The Drive: An app designed to lead the blind safely
A new smartphone application currently in development by the University of Minnesota Traffic Observatory in partnership with the Minnesota Department of Transportation could help make it safer for pedestrians who are blind or have poor vision. U of M MTO researcher Chen-fu Liao comments. Star Tribune.

Are cities evolving into hive organisms?
Today, more than half of the human population lives in hive-like warrens called cities. Does this mean we are on the tipping point of becoming colony animals the way bees and ants did? It's not entirely impossible. U of M biologists Mike Travisano and Will Ratcliff comment on their research. io9.

Drinking behind 1 in 10 deaths of working-age adults
One in 10 deaths among working-age adults between 2006 and 2010 were attributable to excessive drinking, researchers from the Centers for Disease Control and Prevention report. U of M epidemiologists Traci Toomey and Toben Nelson comment. WWLTV.

"We have designed cities to make people ill"
At the AIA convention in Chicago, U of M College of Design's Thomas Fisher entreated architects to take responsibility for designing healthier spaces. Fast Company: Design.

Student businesses thrive in competition
Last year alone, University of Minnesota students launched at least 25 businesses, bolstered by guidance and funds from the school's entrepreneurship courses and programs. In the same year, University faculty and students invented and filed a record number of patents. U of M's Gary S. Holmes Center for Entrepreneurship director John Stavig comments.
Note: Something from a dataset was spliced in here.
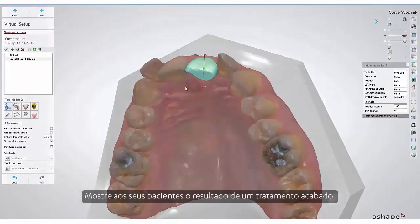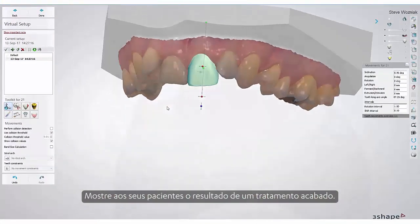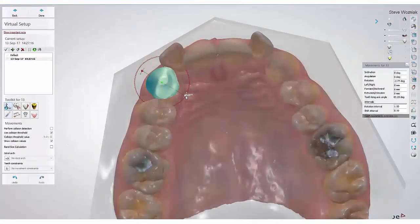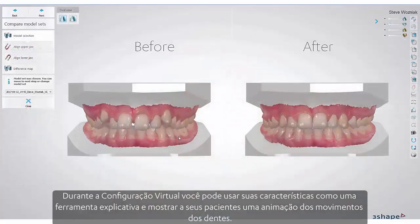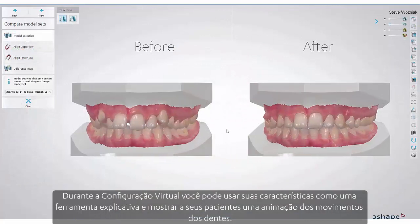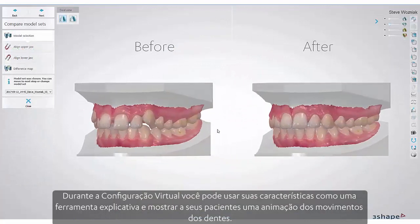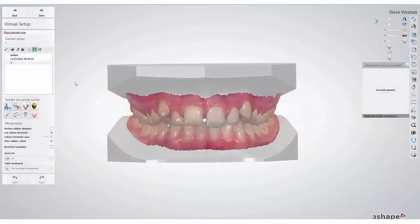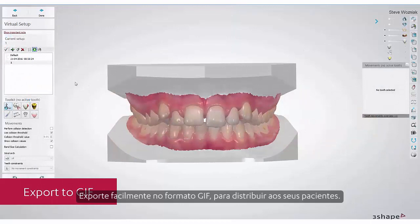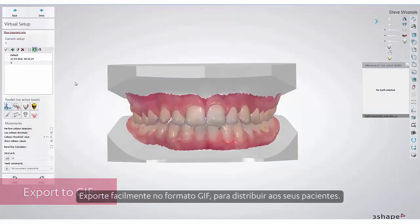Show your patients the outcome of a finished treatment. During the virtual setup, you may use its features as an explanatory tool and show your patients an animation of their teeth movements. Export this easily in the GIF format to hand out to your patients.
The Minnesota Daily.

Minnesota home care union law suddenly on uncertain ground
A landmark U.S. Supreme Court ruling Monday will bolster legal challenges to a 2013 Minnesota law allowing certain in-home child care providers and home health care workers to vote on whether to unionize. U of M Law School's Stephen Befort comments. Pioneer Press.

U project could use farming to turn down urban heat
This summer University of Minnesota research will explore a new way of mitigating heat islands — urban farming — which could help reduce heat in metropolitan areas while providing a source of fresh produce and groceries to cities. U of M geography, environment and society associate professor Katherine Klink comments. The Minnesota Daily.

Thunder god vine: Chinese herb extract found to kill pancreatic cancer cells
A Chinese herbal extract known as thunder god vine has been found to kill off pancreatic cancer cells. U of M surgeon Ashok Saluja comments on his research. International Business Times.